My heart’s pounding. Throwing itself against the bone enclosure in it’s quest for freedom. I’m so tense. I can barely move my outside leg back to cue. I can’t breathe.

Those were my thoughts and how my body responded every single time I was asked to canter in a lesson. Why? I’m not exactly sure but I have some ideas.

Maybe it was how I was introduced to cantering? My first lesson a Thoroughbred took off with me.

Or was it merely my age and the realization that I could get hurt? About six months later a different Thoroughbred took off with me and I had to perform an emergency dismount. I was terrified. I still didn’t know how to canter or what an emergency dismount was. Thankfully, I had a soft landing in the mud. Head-to-toe mud.

When the time finally arrived to learn the canter my school horse had other ideas. Trot? Fast trot. My heart’s pounding. Something scary? Spook. Yep, that’s exactly what I told him. Subconsciously through my body tension and position.

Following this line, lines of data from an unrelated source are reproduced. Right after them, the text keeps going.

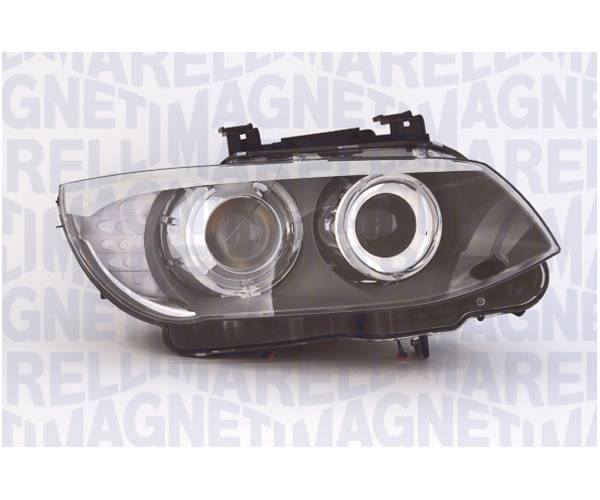 FARO DERECHO ELETRICO LED (D1S) BMW...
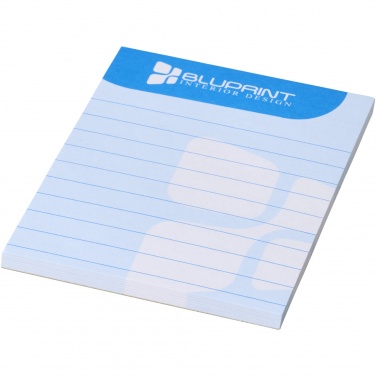 Logotrade mainoslahja tuotekuva: Desk-Mate®-muistio, A7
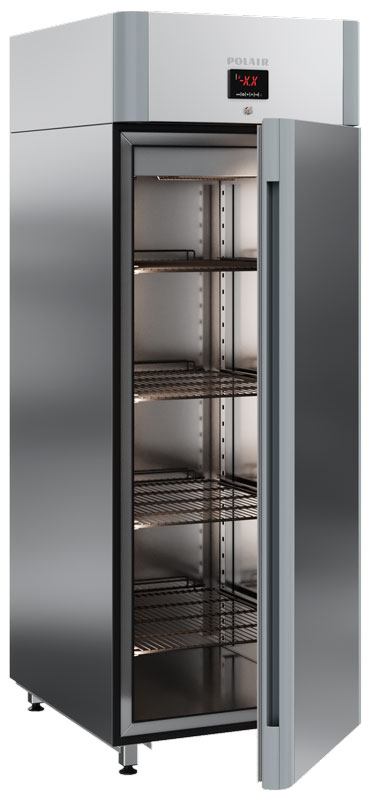 Холодильный шкаф Polair CM107-Gm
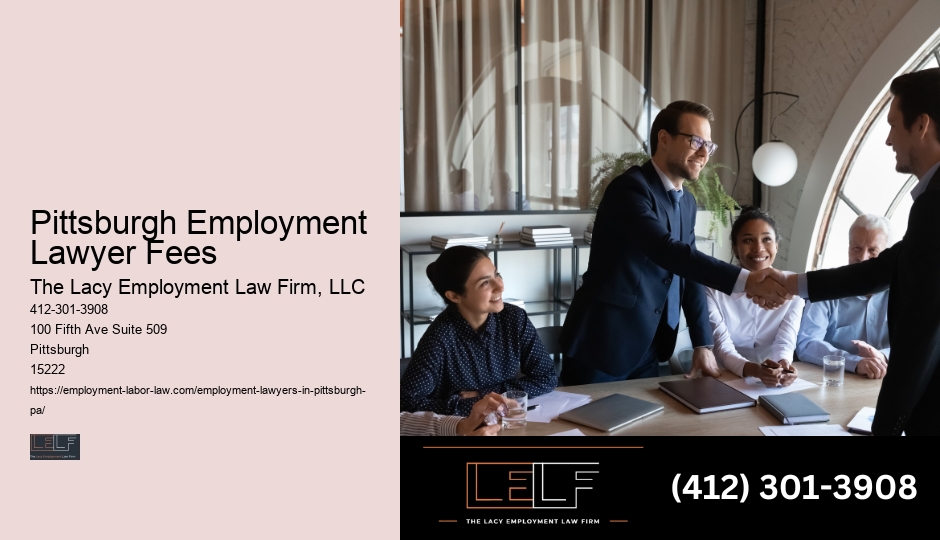 Reliable retaliation lawyer in Pittsburgh PA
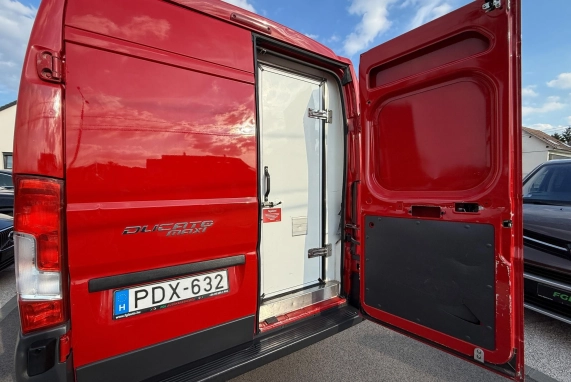 Fiat DUCATO (2017)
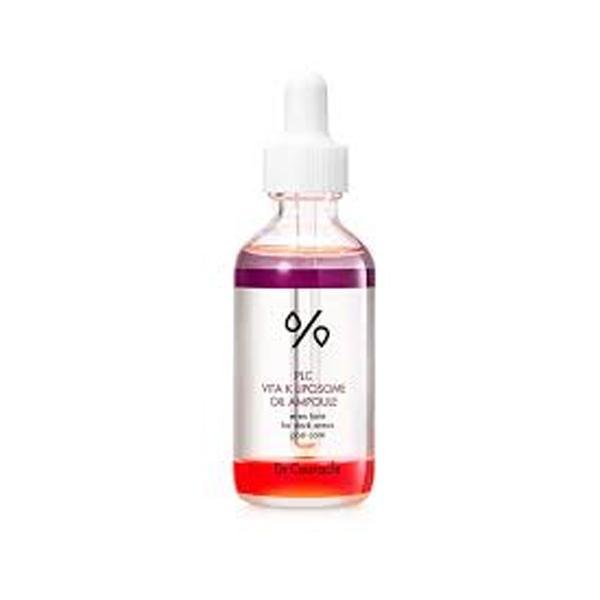 Dr.Ceuracle Plc Vita Liposome Oil Ampoule 50ml
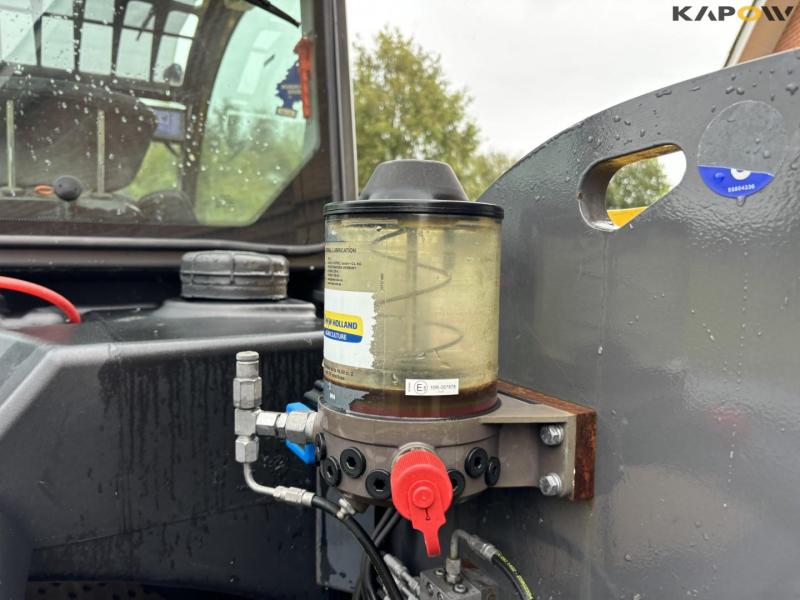 New Holland th 7.42 elite teleskoplæsser 21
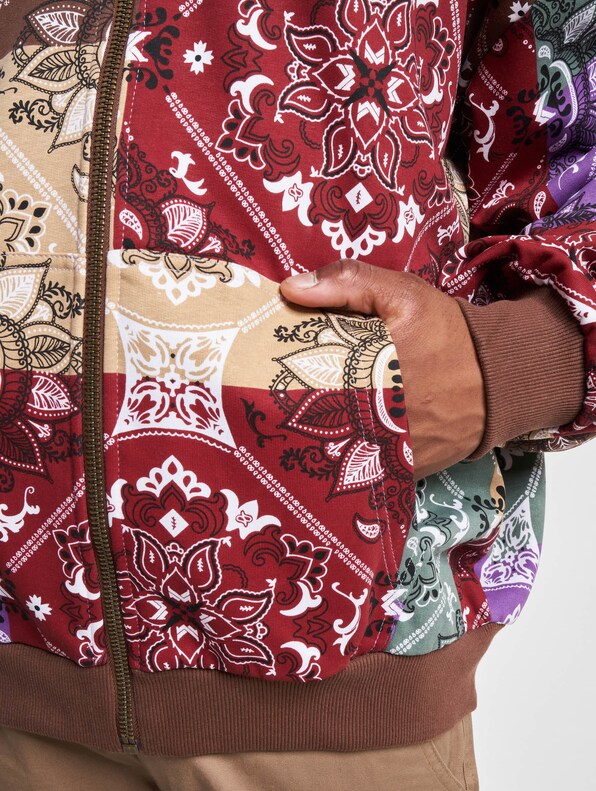 Chest Signature Os Paisley -4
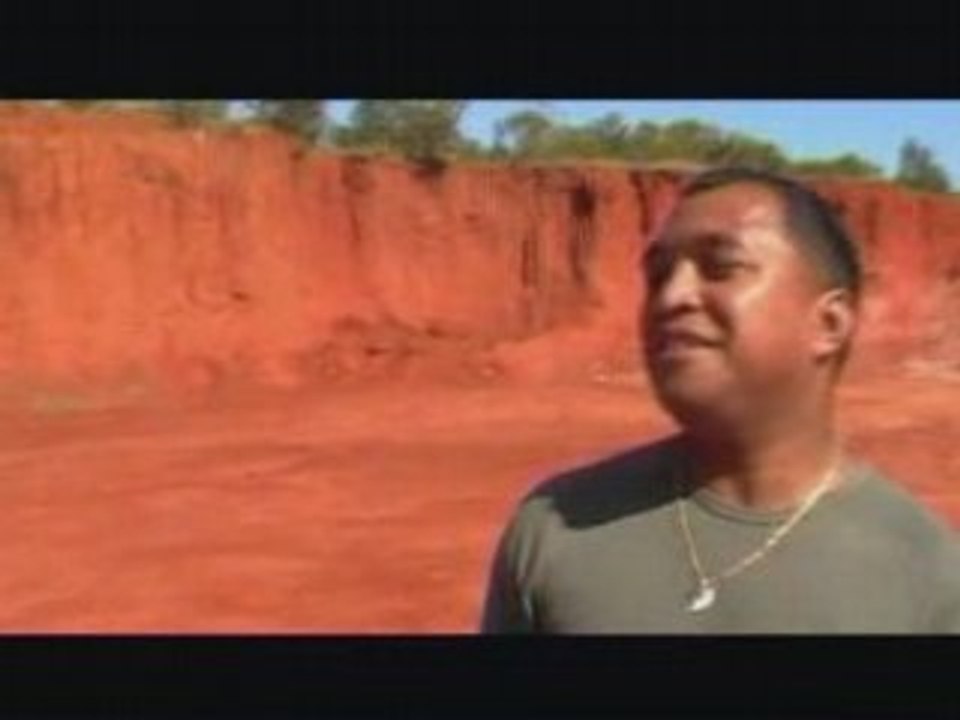 Avelao mba hanonofy anao - tiana ram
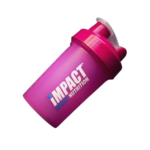 BOUTEILLE DE SPORT- Impact Nutrition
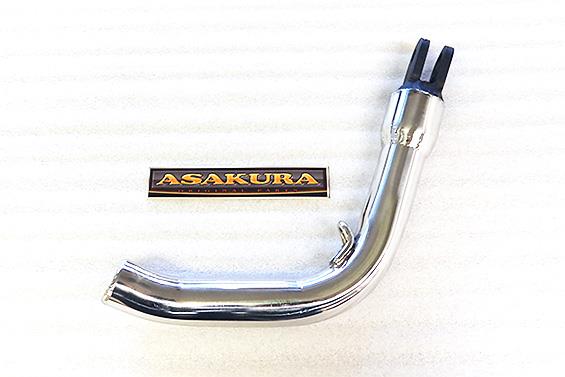 メタルショートスタンド ASAKURA（浅倉商事） NMAX125（8BJ-SEG6J）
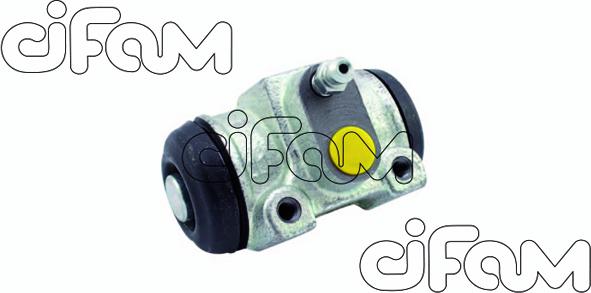 Cifam 101-635 - Jarrusylinteri onlydrive.pro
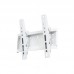 Кронштейн Charmount TV02T White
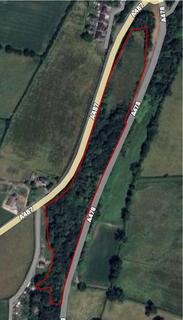 Land for sale, Cardigan, Ceredigion SA43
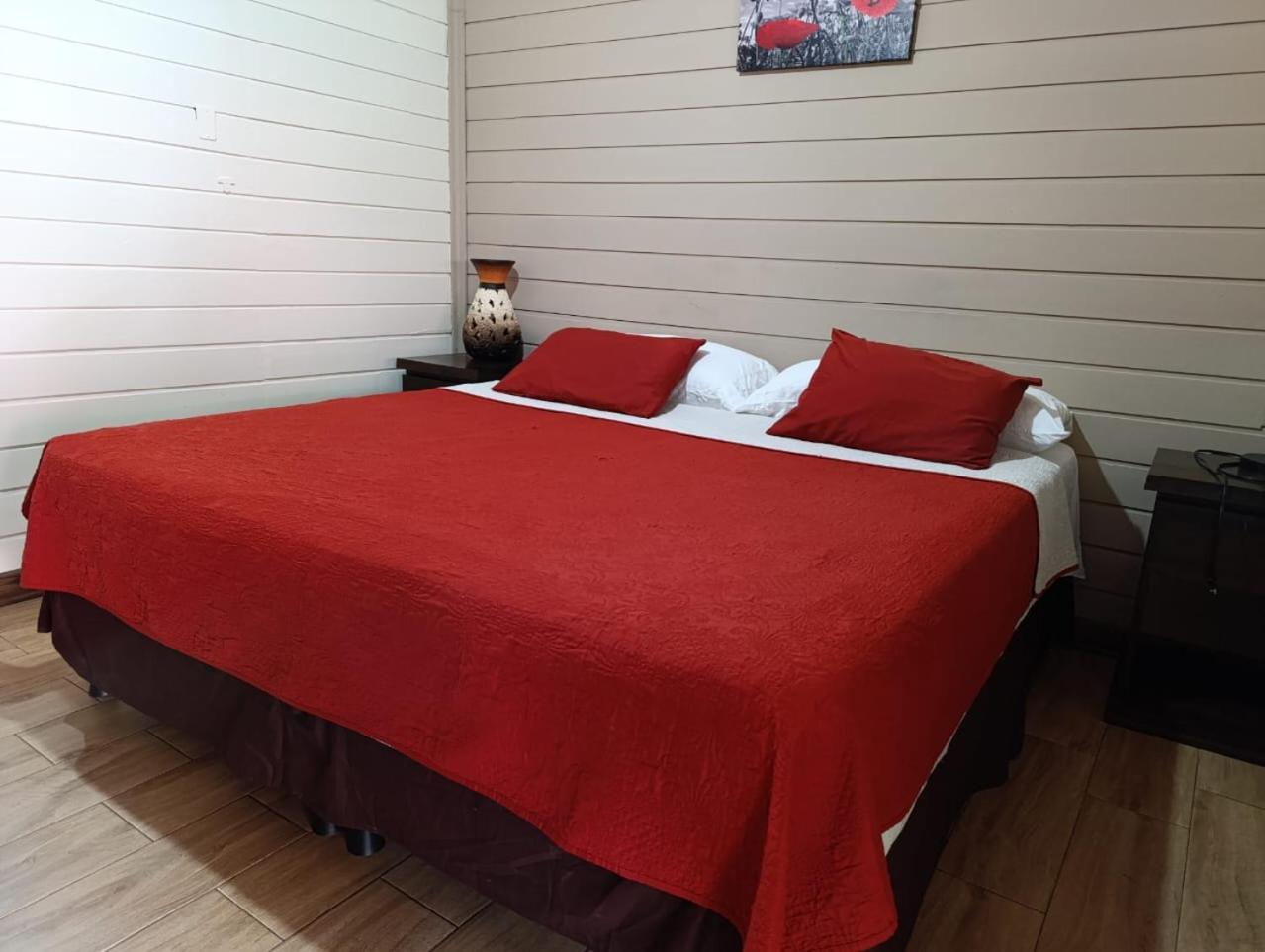 Hacienda El Pedregal Hotel Estanzuela Екстериор снимка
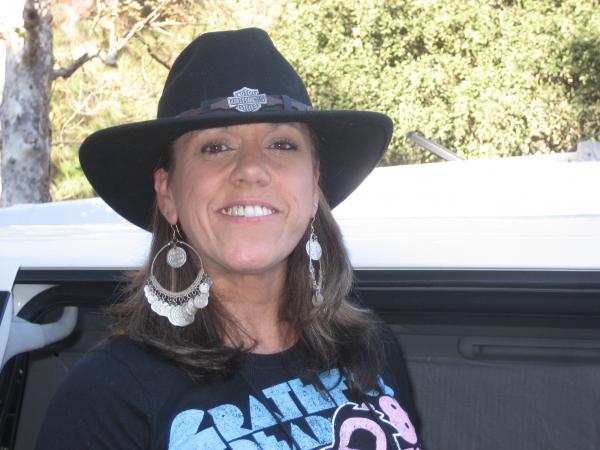 Gloria Chilberti - Class of 1979 - Bethel High School
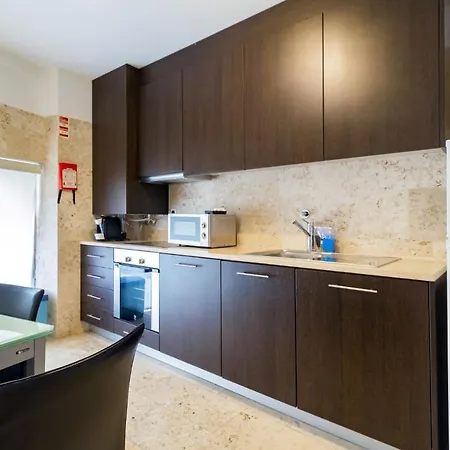 Oca Vitoria Village *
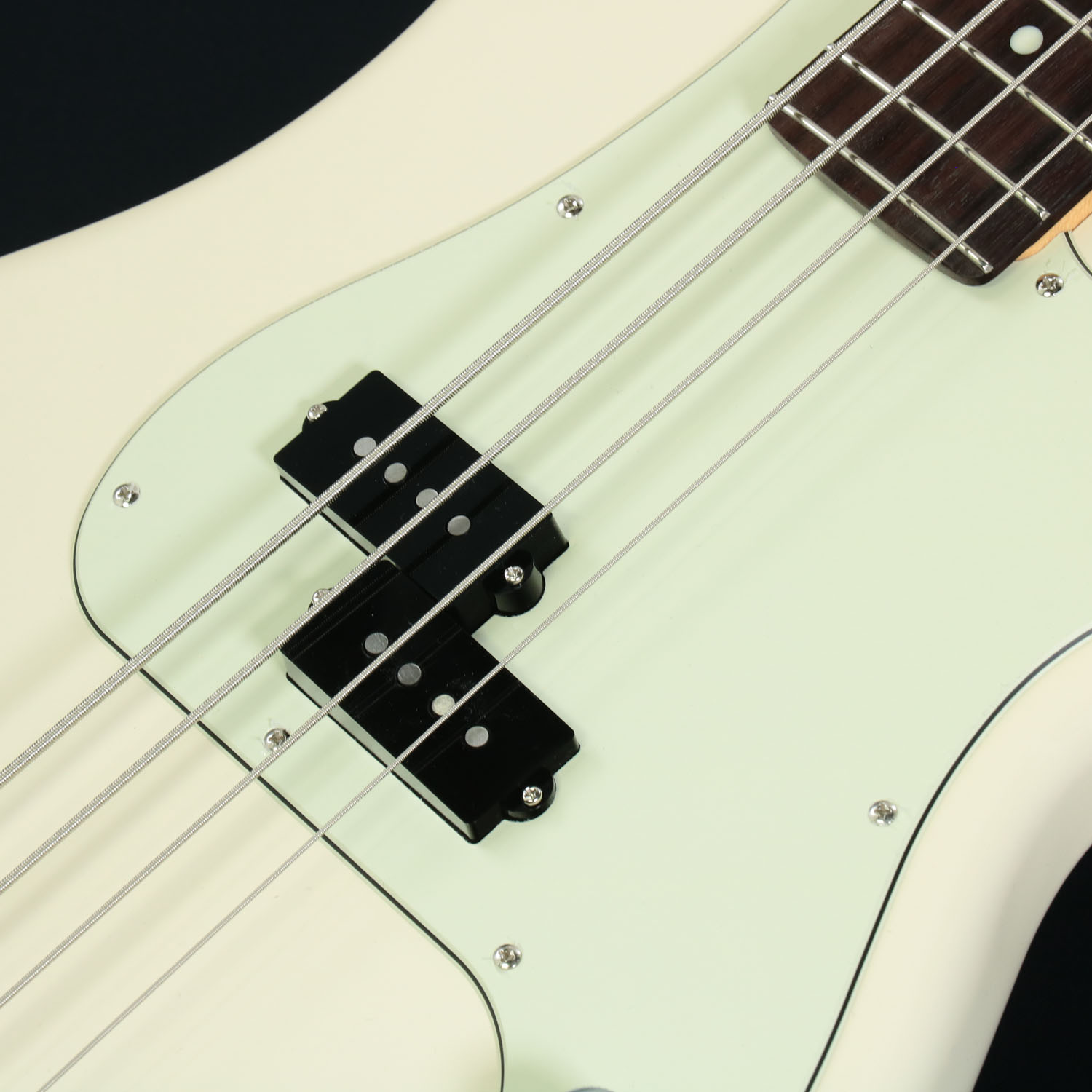Fender / ISHIBASHI FSR MIJ Hybrid II Precision Bass Olympic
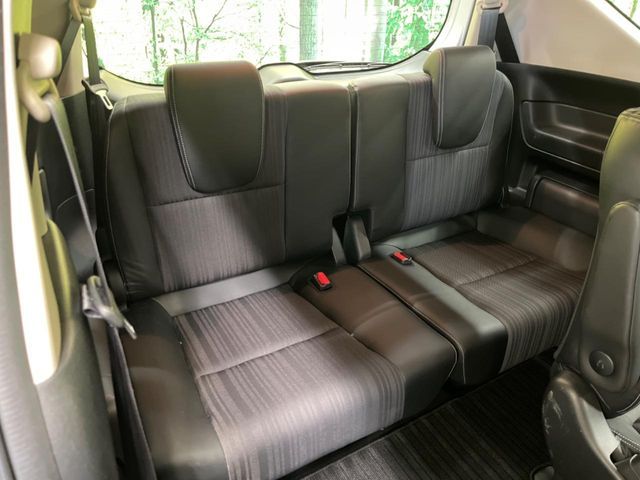 HONDA FREED HYBRID 2018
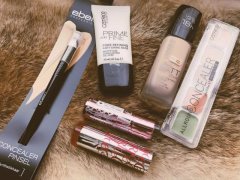 国外小众化妆刷品品牌排行榜(欧美化妆刷品牌)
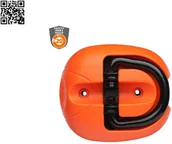 Akcesoria rowerowe - AXA Kotwa Floor Anchor - miniaturka - grafika 1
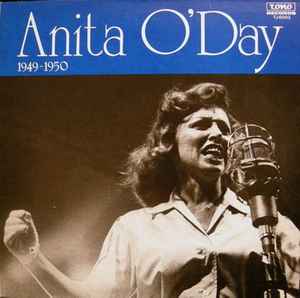 Anita O'Day – Live At The City: The Second Set (1982, Vinyl) - Discogs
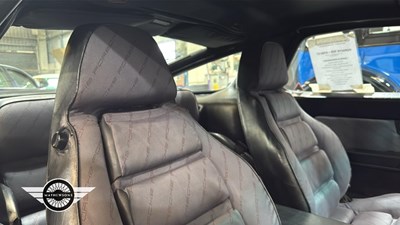 Lot 864 - 1982 PORSCHE 928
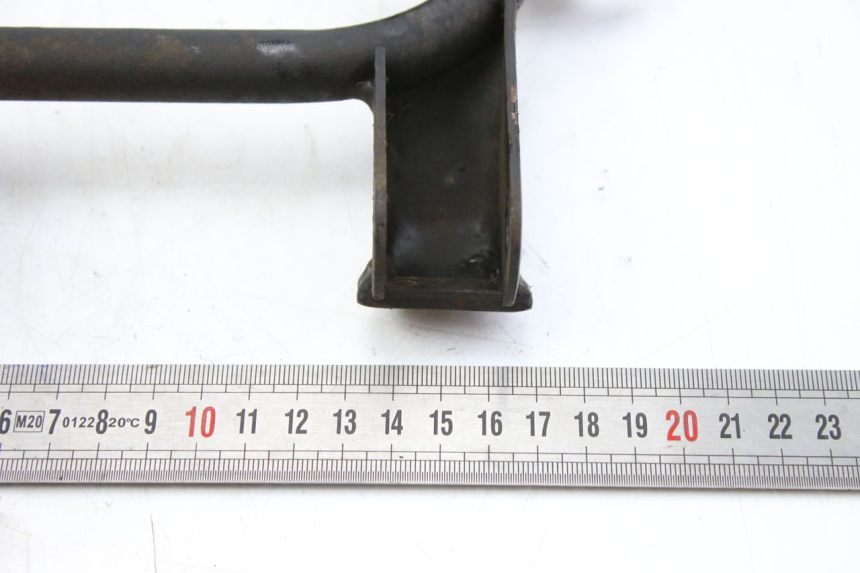 photo de  KYMCO SENTO 100 (2008 - 2013) - Część sprawdzona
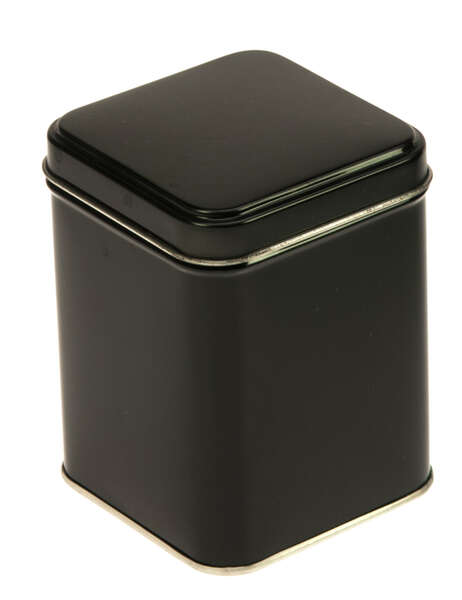 Image du produit Boite métal à thé 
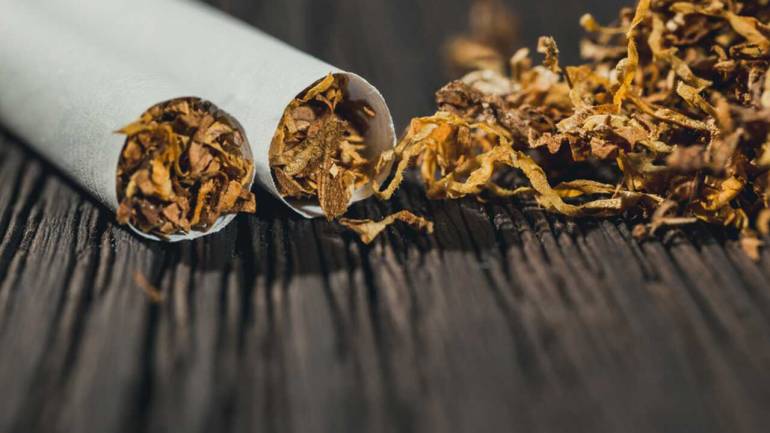 How a rift in Pakistan’s tobacco industry determines how cigarettes are taxed and not the government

I’ve spent years, with several instructors and many horses, learning how to canter. That’s right. Years. During this time, I’ve discovered some things about myself.

I need to trust…
……… instructor. To push me outside my comfort zone with kindness.
………..the horse. I get what I call New Horse Syndrome and forget everything.
………..myself. I know I have the balance and I can do this!

Play mental games
I’m just sitting here. Doing nothing.
Lied to my subconscious. It’s very gullible.
………..“I enjoy cantering. I’m relaxed at the canter.”

Physical fitness
I’ve developed a stronger core that in turn has improved my canter. No more falling forward when I cue the horse to canter. Well, almost. It seems to be my default comfort zone when I’m insecure. And yes, I know that I’m blocking the horse’s forward motion. Instinctively, that may be the whole idea. Hmm, more work needed on this is the mental/physical realm.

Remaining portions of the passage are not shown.